All individuals with autism are unique and so are their reasons for toileting problems. While a typically developing child usually learns to regulate this basic function, an individual with autism may find it harder to get in sync. Thus, toilet training in autism is essential
Often, a very common reason for toileting problems is difficulty in processing sensory messages. An individual may be under responsive to sensation and lack the body awareness to know that they need to eliminate. They may not notice their pants are wet and soiled or that they smell bad.
An individual may be over responsive to sensation. They may not be comfortable with the noise made by flushing the toilet or the feel of the toilet seat or they may have gravitational insecurity and are not comfortable on the toilet seat with their feet off the ground without toilet training in autism.
An individual may have difficulty in discriminating between ‘empty’ and ‘almost empty’ and may jump off the toilet before completing a bowel movement.
An individual may have difficulty in getting into and maintaining a stable position.
An individual may have dyspraxia, which makes it difficult for them to come up with the idea of unbuttoning and unzipping their pants, motor plan these tasks, and how to carry out these plans.
Wetting and soiling clothing results in significant amount of time, energy and resources being spent on an individual’s personal care needs. Soiled clothing and poor toilet hygiene also significantly interferes with social acceptance. Some behaviors of these individuals may also prove a health risk to the individual.
Though it is generally believed that individuals are the most difficult to toilet train, different strategies and techniques can be used to make this task effective. To achieve success in toilet training in autism, it is essential that the needs and characteristics unique to an individual be considered while planning intervention. Following are some of the pointers which may help ease this difficult task of toilet training an individual with autism:
For typical days, document the autistic individual’s routine. Track how long it takes between when the individuals eats or drinks and when he or she is wet. Check their diaper frequently for wetness (every 15min), this helps to decide when to schedule toilet trips.
Consider the individuals diet. Dietary changes, such as increasing the fluids and fibers in their intake helps the individual feel the urge to use the toilet.
Make small changes in daily habits. Dress the individual in easy to remove clothing. Change as soon as he or she becomes wet. Change diapers in or near the bathroom.
Make the individual flush the toilet and wash hands after each diaper change.

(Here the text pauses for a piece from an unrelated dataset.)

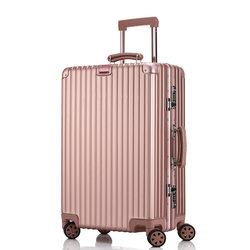 ການຄ້າຕ່າງປະເທດຕົ້ນສະບັບ retro ກໍລະນີ trolley ກອບອາລູມິນຽມທີ່ມີລໍ້ທົ່ວໄປ 20/24/26 ນິ້ວຂອງຜູ້ຊາຍແລະແມ່ຍິງ suitcase retro suitcase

Make sure toilet trips are comfortable. The individual should be comfortable while sitting on the toilet. Provide a footstool. If the individual will not sit on the toilet, work on sitting before beginning a toilet training program.
Improve body awareness related to elimination and improve sensitivity to tactile stimulation from clothing.
Work on effective communication signaling that the individual needs to go to the bathroom and how to use systemic communication tools such as objects, pictures and words to communicate in different settings.
Imitation is a powerful strategy which can be used for toilet training in autism.
Developing routines and rituals is very important. This helps the individual to adjust to new situation such as using different toilet and serves as a bridge between old routine and new situation. Also these rituals and routines can be used to present toileting skills as a sequence of steps to provide the necessary sequential learning.
In conclusion, teaching the basic toileting & hygiene skills is essential for social acceptance. It is an integral part of social skills training & becomes a higher priority with each passing year.